___ GIVEN DATA ___

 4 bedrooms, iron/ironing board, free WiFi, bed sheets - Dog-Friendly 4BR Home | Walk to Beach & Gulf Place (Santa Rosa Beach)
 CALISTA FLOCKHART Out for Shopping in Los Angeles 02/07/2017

___
___ GIVEN DATA ___

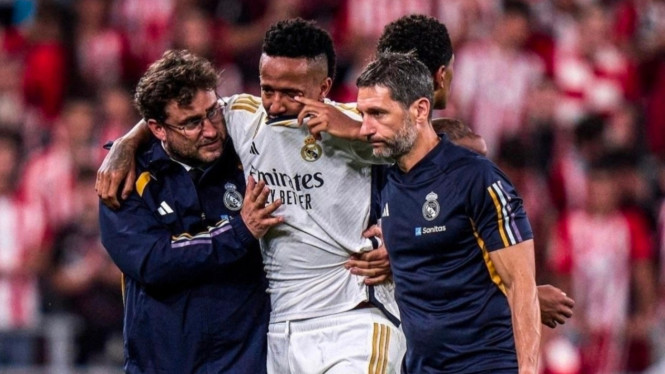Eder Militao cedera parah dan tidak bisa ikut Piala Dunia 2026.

___

TASK DETAILS ▸ What you give back must be the stretch above, starting at the line with "4 bedrooms, iron/ironing" and ending at the line with "CALISTA FLOCKHART Out", copied exactly.

TASK SOLUTION ▸
 4 bedrooms, iron/ironing board, free WiFi, bed sheets - Dog-Friendly 4BR Home | Walk to Beach & Gulf Place (Santa Rosa Beach)
 CALISTA FLOCKHART Out for Shopping in Los Angeles 02/07/2017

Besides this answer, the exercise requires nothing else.